(Instructions to follow): What you return should be the complete listing, unchanged, with no pictures in it.

(Data extract):
◆ ◆ ◆ ◆
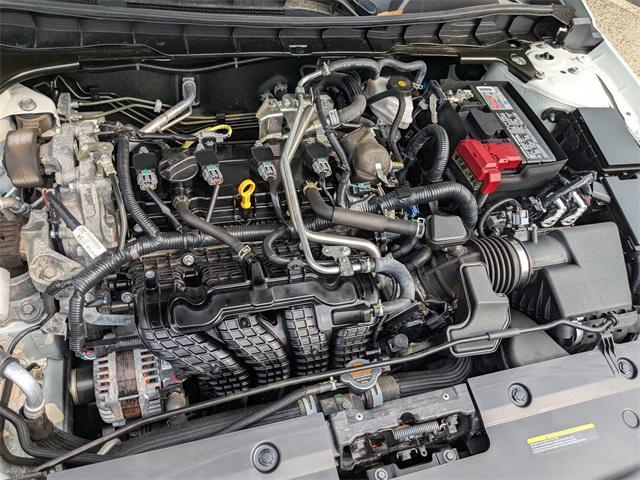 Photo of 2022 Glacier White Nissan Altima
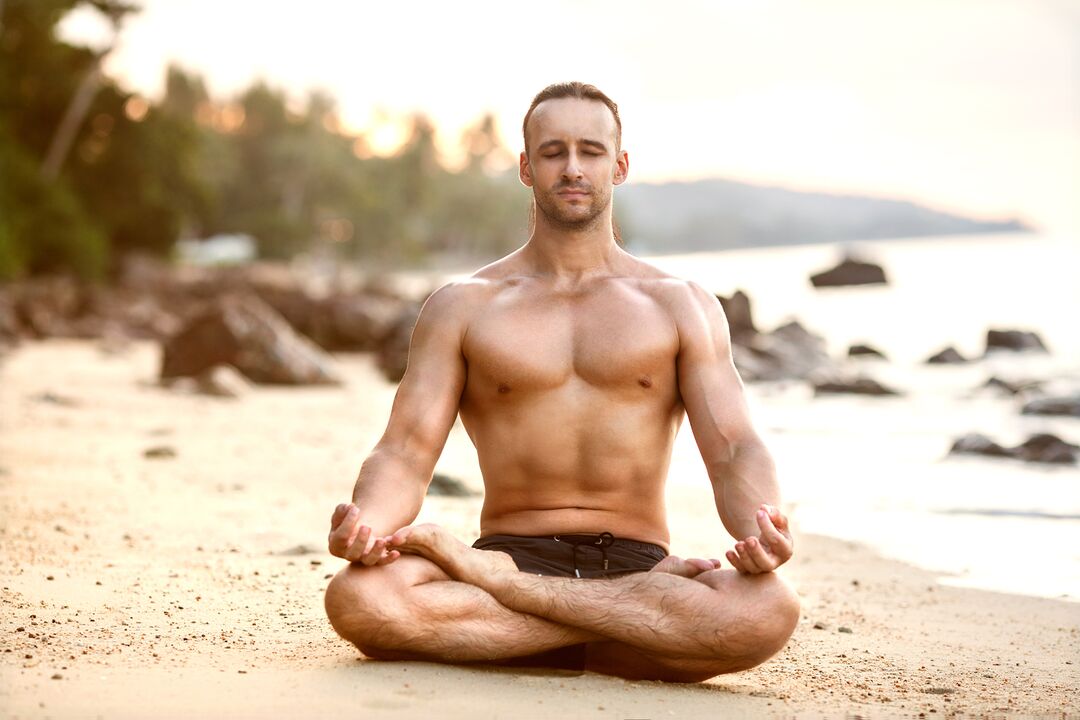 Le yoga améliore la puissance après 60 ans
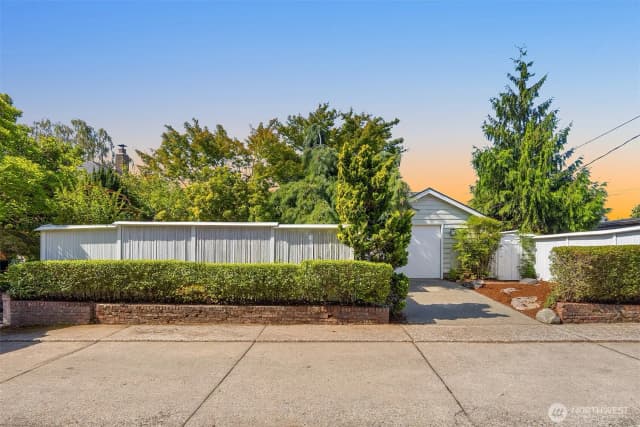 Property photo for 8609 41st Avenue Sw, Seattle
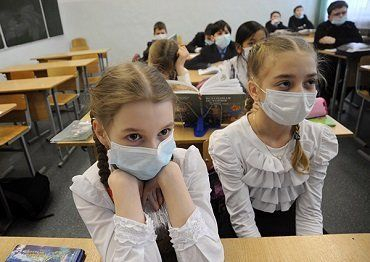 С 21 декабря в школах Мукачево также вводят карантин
◆ ◆ ◆ ◆
(Task output):
 Photo of 2022 Glacier White Nissan Altima
 Le yoga améliore la puissance après 60 ans
 Property photo for 8609 41st Avenue Sw, Seattle
 С 21 декабря в школах Мукачево также вводят карантин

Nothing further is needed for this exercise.